I used to think that red dot sights on defensive pistols were the wave of the future. Well, the future is now, and Springfield Armory’s HEX Wasp micro red dot sight is an excellent choice when it comes to mounting a red dot on the slide of a micro-compact handgun. I have a Wasp on my Hellcat RDP and I love it.

Over the past few months of working with and shooting my Wasp-wearing RDP 9mm, I’ve found some tried and true strategies for getting my optic defense-ready and keeping it that way.

HEX Wasp red dot mounted to Hellcat pistol with white paint to see if screws loosen over time
Marking the screws with white paint can help you spot if they loosen over time.

The Why

Mounting an optic on a defensive handgun is serious business. The most important trait of a solid defensive pistol is reliability. That reliability must extend to the sighting system. A properly mounted red dot sight is a more reliable sight, so it only makes sense to ensure that our HEX Wasp is mounted properly as we dial it in.

HEX Wasp micro red dot sight on Hellcat RDP pistol with tools to mount it
The HEX Wasp micro red dot sight comes with everything you need to get it dialed in — including a well-written owner’s manual.
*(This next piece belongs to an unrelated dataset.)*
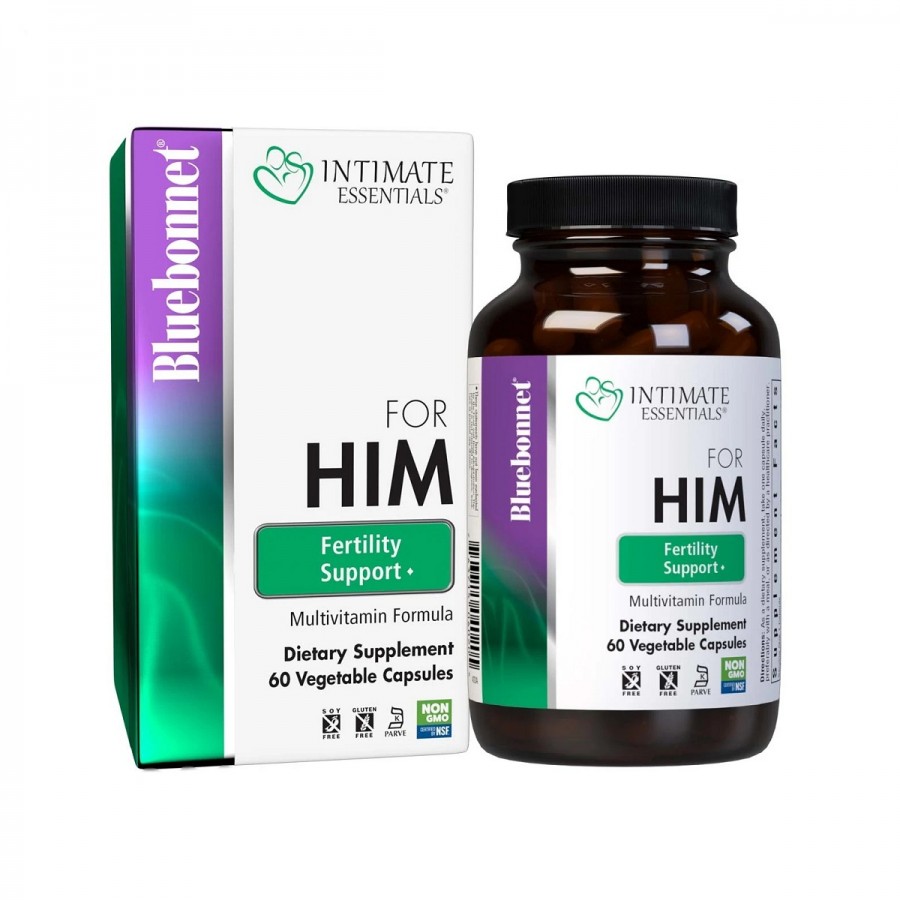 Комплекс для Нього, підтримка фертильності, Intimate Essenitals For Him Fertility Support Multivitamins, Bluebonnet Nutrition, 60 вегетаріанських капсул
Mounting the HEX Wasp to slim Springfield Armory pistols like the double-column Hellcat OSP and Hellcat RDP, or the single-stack XD-S Mod. 2 OSP, is a piece of cake. These pistols both feature the Springfield Micro Footprint (compatible with the Shield RMSc) and match up to the HEX Wasp right out of the box. There is no need for gunsmithing or an adapter plate. This provides some serious advantages.

First off, the fact that your Springfield OSP (optical sight pistol) arrives from the factory cut for optics saves you time and money. Quality doesn’t come cheap, and finding a good gunsmith to machine your pistol slide can be expensive and time consuming. Buying an OSP gun from Springfield Armory makes sense as it saves time and money that custom machining takes and guarantees it’s done right.

The How

When it comes to mounting the Wasp, the ability to mount directly to the slide you get with a Springfield Armory Hellcat OSP or XD-D Mod. 2 OSP is seriously advantageous. For starters, the process is simple. No additional hardware, no plate and fewer screws. The result is fewer points of potential failure.

HEX Wasp optic with the Springfield Hellcat RDP and boxes of ammo
The graduated dial mates with the 1.5mm hex key to make adjusting the Wasp’s windage and elevation an accurate affair.

The omission of a mounting plate also lowers the optic closer to the slide. This makes the package more compact, more durable, and maybe most importantly, it allows the co-witnessing of the stock sights. Having my Hellcat RDP U-Dot sights as a back-up probably won’t be necessary, but it does make me feel more secure.

The HEX Wasp has a short, succinct and well-written manual that is worth the read. One of the most important details included is the torque specifications for the Wasp’s mounting screws. Torque is a measurement of how much energy is used to tighten a fastener. Too loose, and your optic won’t stay mounted firmly. Too tight, and you will damage the screws, the threaded holes, or both.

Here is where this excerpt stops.